→ Task description:
Please give the listing again in full, leaving out its images.

→ Collected data:

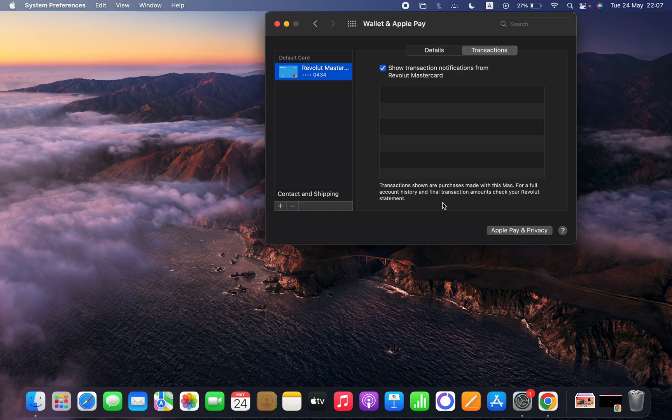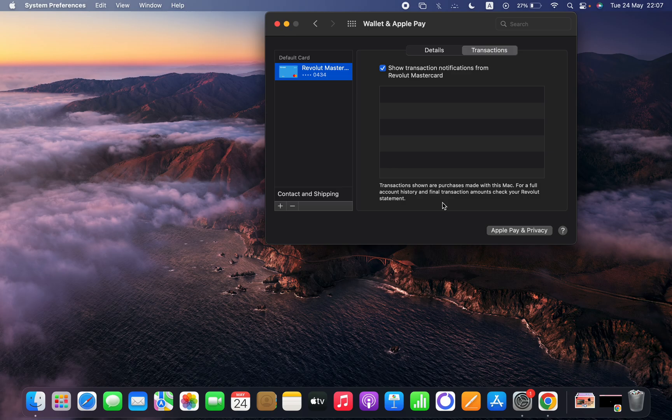So of course, if you use another card, then you have to check on that application.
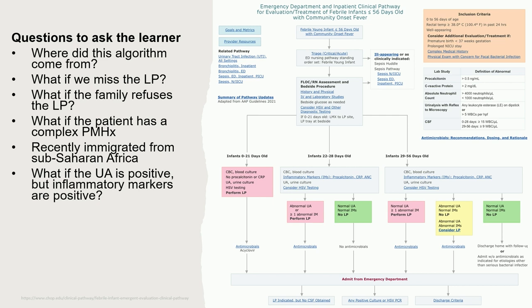What if the UA is positive but the inflammatory markers are negative? What are these edge cases that most people would assume away — like if the UA is positive and inflammatory markers are positive it'll all line up? But that's not really true one or two percent of the time — they're going to be discordant. Can I do something different in that situation?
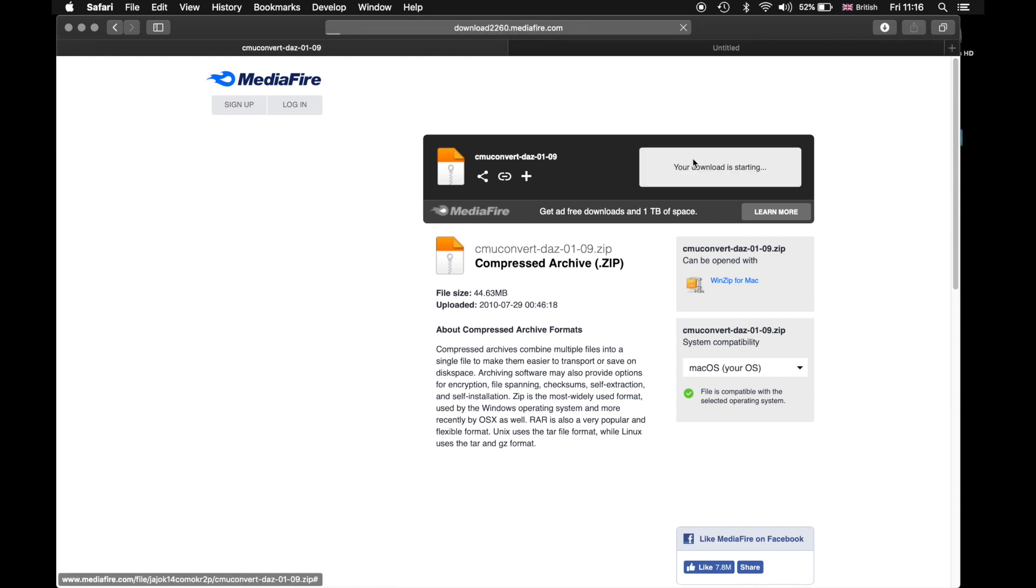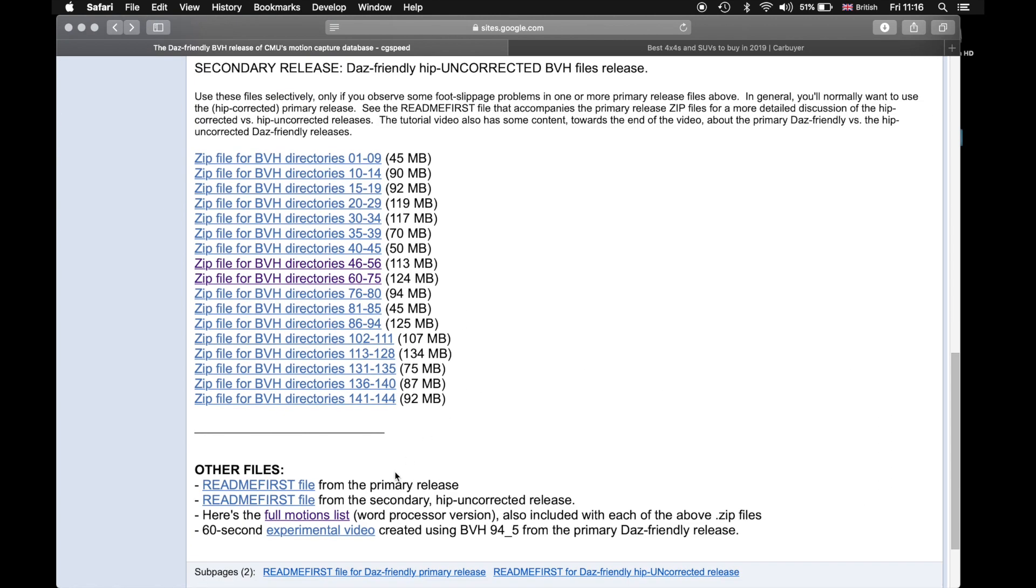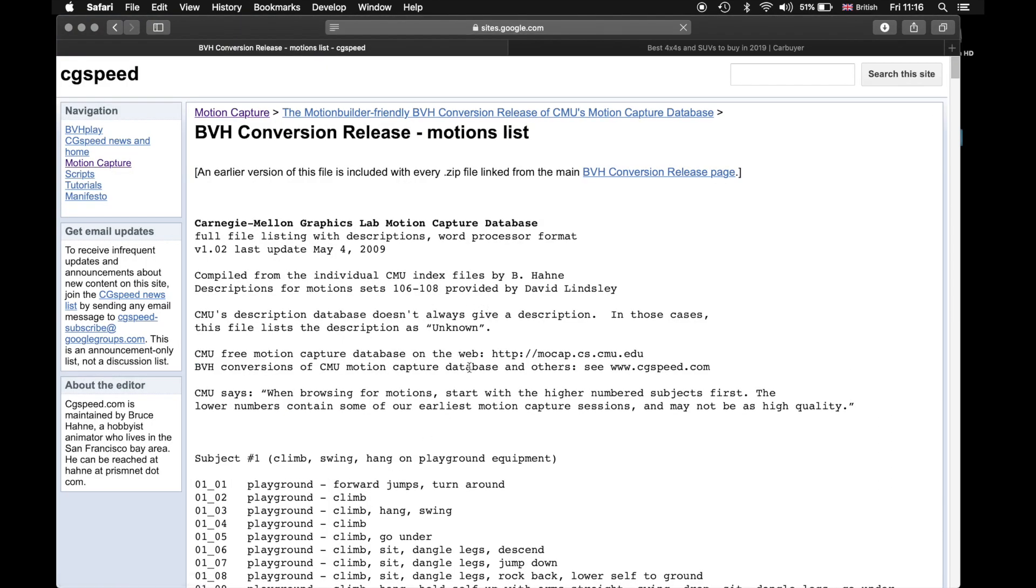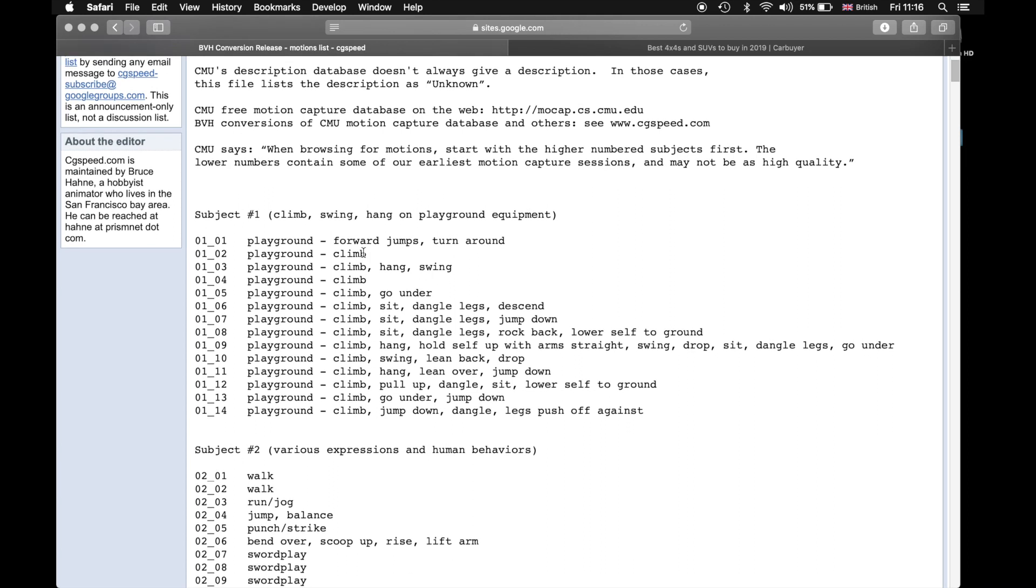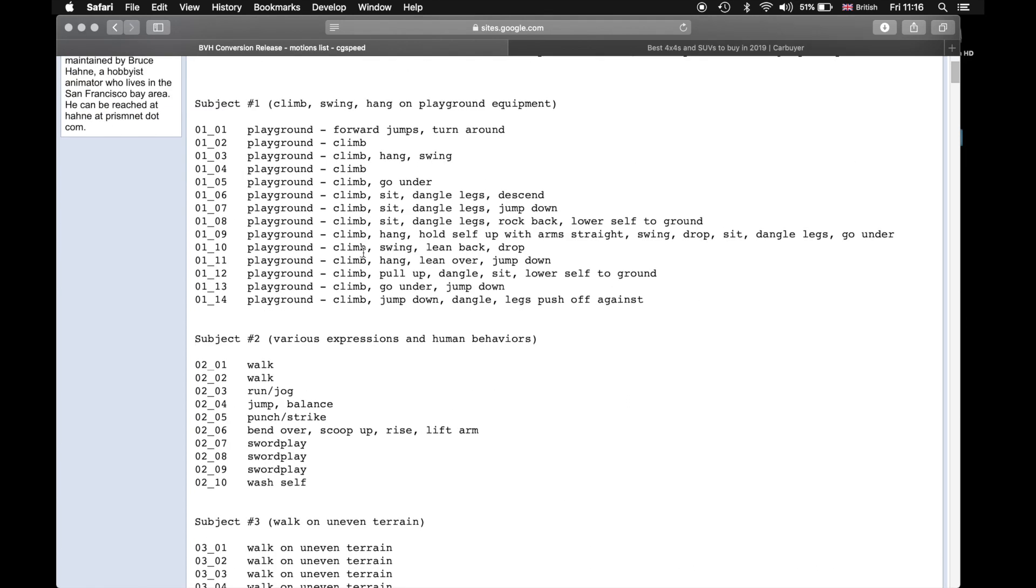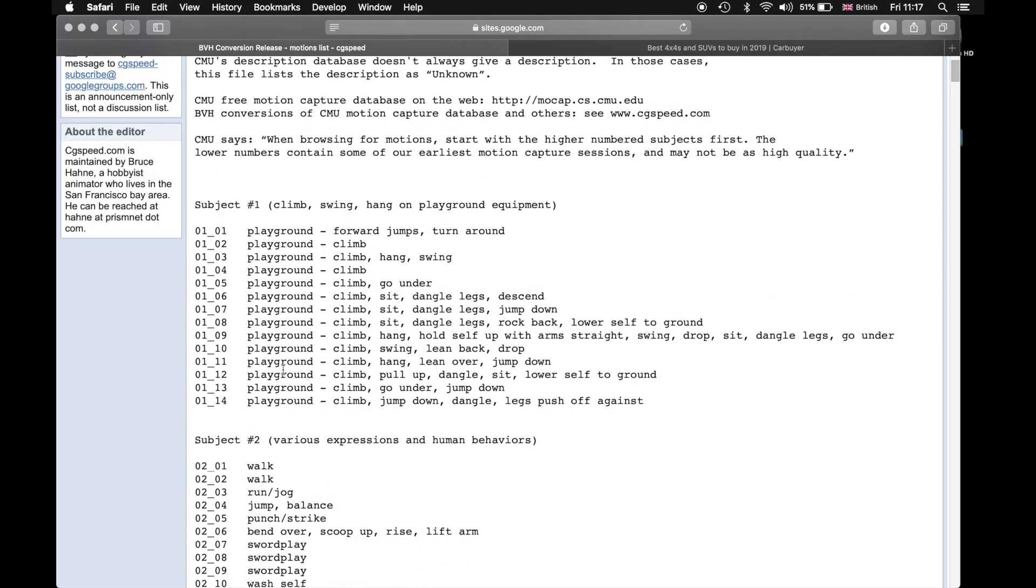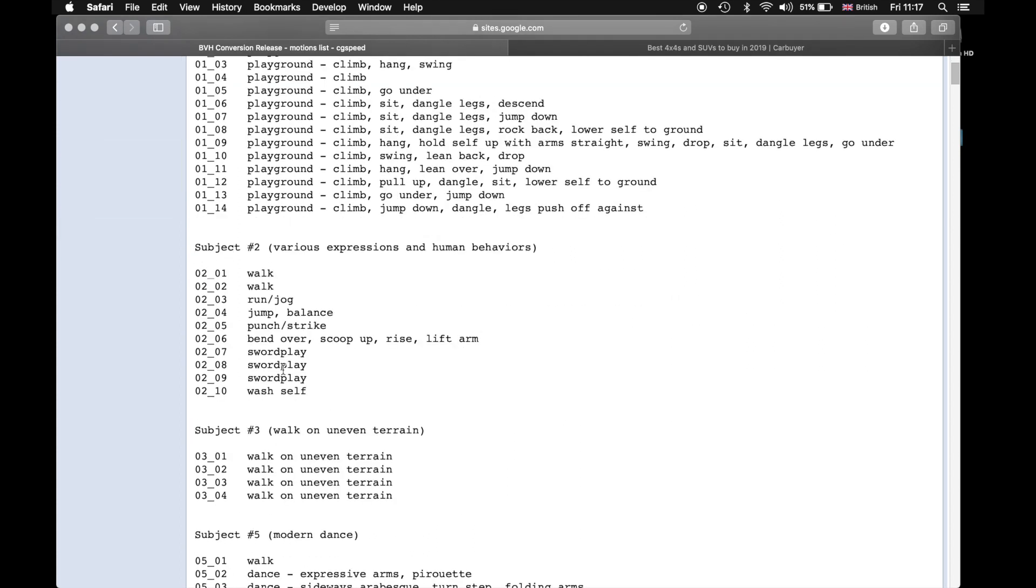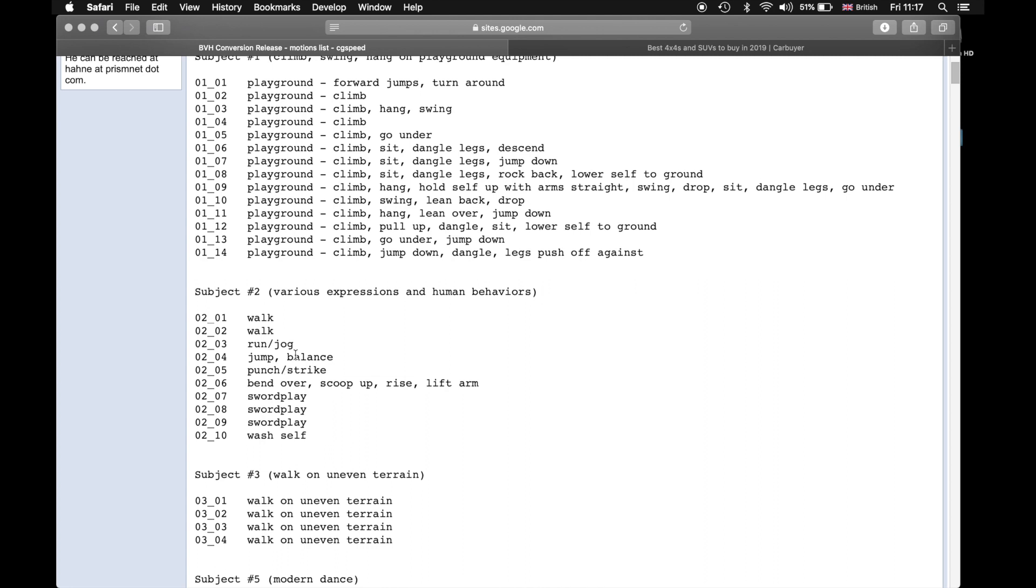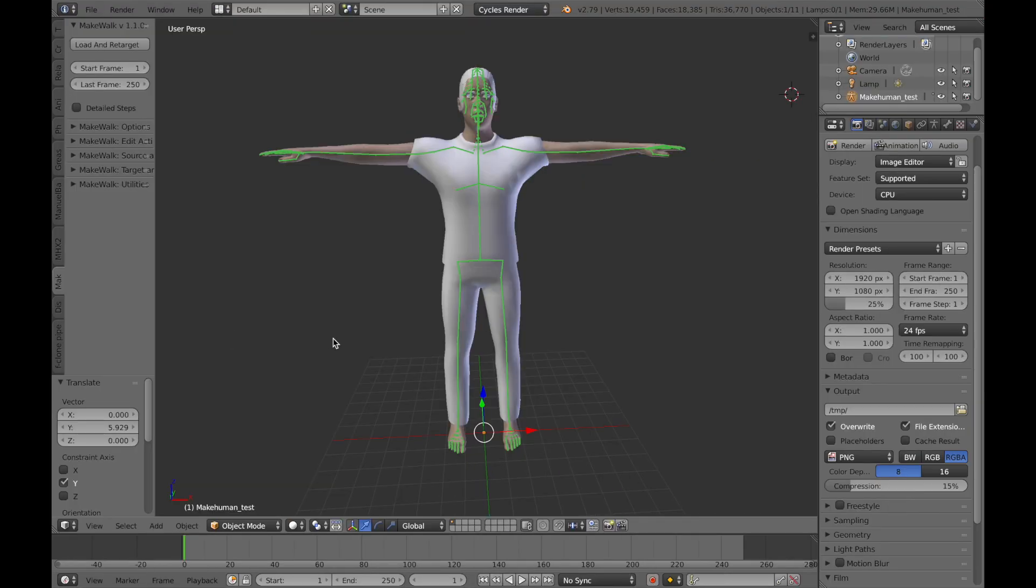So you choose one that you want to try out. Download it. And this is the list of all the movements that they have to offer. So you've got your walk, jumping, jump balance, lots of different things that you want to try and do. Going for the walk one.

→ Answer:
So of course, if you use another card, then you have to check on that application.
What if the UA is positive but the inflammatory markers are negative? What are these edge cases that most people would assume away — like if the UA is positive and inflammatory markers are positive it'll all line up? But that's not really true one or two percent of the time — they're going to be discordant. Can I do something different in that situation?
So you choose one that you want to try out. Download it. And this is the list of all the movements that they have to offer. So you've got your walk, jumping, jump balance, lots of different things that you want to try and do. Going for the walk one.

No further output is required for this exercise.